Volume II The Period of Consolidation, 1871â?"1880


By Otto Pflanze

PRINCETON UNIVERSITY PRESS

Copyright © 1990 Princeton University Press
All rights reserved.
ISBN: 978-0-691-05588-6



CHAPTER 1

Consolidation and Cleavage


RUSSIA must do for the whole of Germany what it has done for itself. Once it made the conquered forget the conquest in the regions won from Poland, France, and Saxony, elevating the inhabitants of these regions to a feeling of unity and equality [with the rest of Prussia]. Now it must erase the distinction between victor and vanquished, which no people can tolerate indefinitely, replacing the consciousness of belonging to separate states and peoples [Stämme] with a proud and happy loyalty to a German commonwealth headed by the King of Prussia." By these means Bismarck expected in 1867 to solve the formidable problem of integrating and consolidating united Germany. The population of the North German Confederation, later of the German Reich, was to be welded together primarily through the activity of government and by the dynastic loyalty that such activity, reinforced by time and shared experience, would create. In this way the Hohenzollern had succeeded over two centuries (1640–1840) in building a sense of statehood and Prussianism among the disparate peoples of East Prussia, Pomerania, Brandenburg, Silesia, Westphalia, and the Rhineland. To the end of his life Bismarck clung to the belief that dynastic loyalty was the backbone of German nationalism.

Certainly the imperial tradition, the "nationalization" of Prussian-Hohenzollern history, and the personal charisma of Bismarck and Wilhelm I expedited the psychological integration of the German Reich. Their role in forging a sense of German nationhood was probably as important—and as unmeasurable—as the achievements in German cultural life in the age of Goethe, Schiller, Kant, and Hegel. Yet there were other, material forces that contributed to that end—forces of which Bismarck was aware, but to which he paid little attention in his memoirs. In 1869 he spoke of trade and commerce as "the most fruitful root" from which consolidation (Zusammenwachsen) of the North German Confederation could be expected. In this he was wiser than he knew. Within the frontiers of the empire the German sense of nationhood was consolidated by the continuing growth of industry, the increase and redistribution of population, the new technology of transportation and communication, the steady expansion of German capitalism and of interlocking relationships between giant banks and industrial enterprises. What Bismarck's diplomatic talents and the striking power of the Prussian army created was chiefly consolidated by the activities of German businessmen and laborers.

At the same time the social transformation wrought by industrialization also produced new fissures in German society that the Bismarck regime could not close. The German nation-state became divided internally by conflicting social interests and their matching ideologies, producing fears as well as anticipations of the civil conflict that finally erupted after 1018. But in other respects economic growth tended to consolidate the national union, to bind the nation together with new sinews of self-interest and psychological cohesion.
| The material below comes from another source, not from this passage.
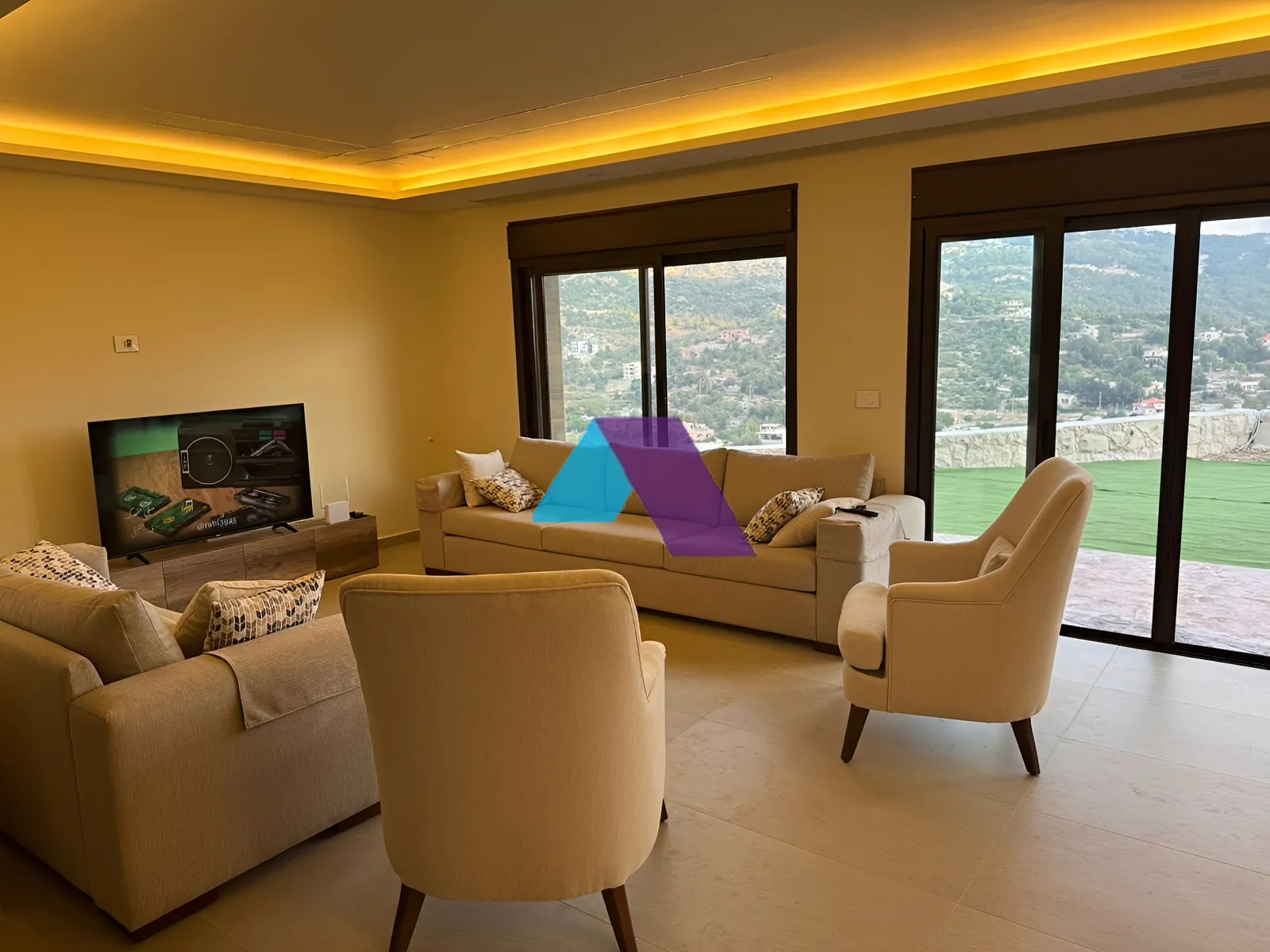 Villa for Sale in Mechmech - 3 bed, 4 bath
Their cumulative effect was to reduce the significance of internal political boundaries and to build a sense of nationhood that transcended, though it did not extinguish, the particularistic sentiments of an earlier epoch. It is not too much to say that within one decade this economic consolidation made irreversible by any ordinary means what had been decided in 1866–1871. What had been accomplished by political acumen and military prowess could no longer be undone—except by political stupidity and military catastrophe. Growing social and ideological divisions coupled with increasing economic and national consolidation—such was the paradox of Germany's Second Reich.


Germany Enters the Industrial Age

After three decades of acceleration German industrialization reached a momentum during the period of unification that was maintained thereafter despite temporary setbacks. The construction of railways, the main propulsive force during the period of acceleration, reached a grand climax in the early 1870s, by which time the major lines had been built. Although the building of local lines remained important in the German economy until the end of the century, other sectors now assumed the primary burden of sustaining the growth achieved. By 1870 German textile manufacturers had made the transition from hand to mechanical spinning. The acquisition of Alsace-Lorraine, furthermore, doubled the number of spindles operating in Germany. While slower in development, mechanical weaving surged ahead in the 1860s and 1870s. The armament, machine, and machine tool industries reached a level equal to and even superior to the products of foreign competitors (except in farm machinery where the United States was preeminent). During the 1880s public utilities—gas, water, sewers, and streetcars—played a major role in the construction industry. The same period saw a great expansion in German shipbuilding. By the end of the century two new industries—chemicals and electrical equipment—had appeared in which Germany excelled in both innovation and production. These several expanding industries perpetuated the growth previously derived chiefly from railway construction.

Despite temporary reverses, German heavy industry set new production records, decade after decade. Coal and pig iron were joined by steel at mid-century, as the invention of new furnaces (by Bessemer in 1856, Siemens-Martin in 1866, and Gilchrist Thomas in 1878) opened the way to its mass production. Because it removed phosphorous from iron ore, the last of these processes was particularly important for Germany, which was scantily endowed with nonphosphorous ores. Although familiar, the advancing statistics (in millions of tons) are still worth pondering.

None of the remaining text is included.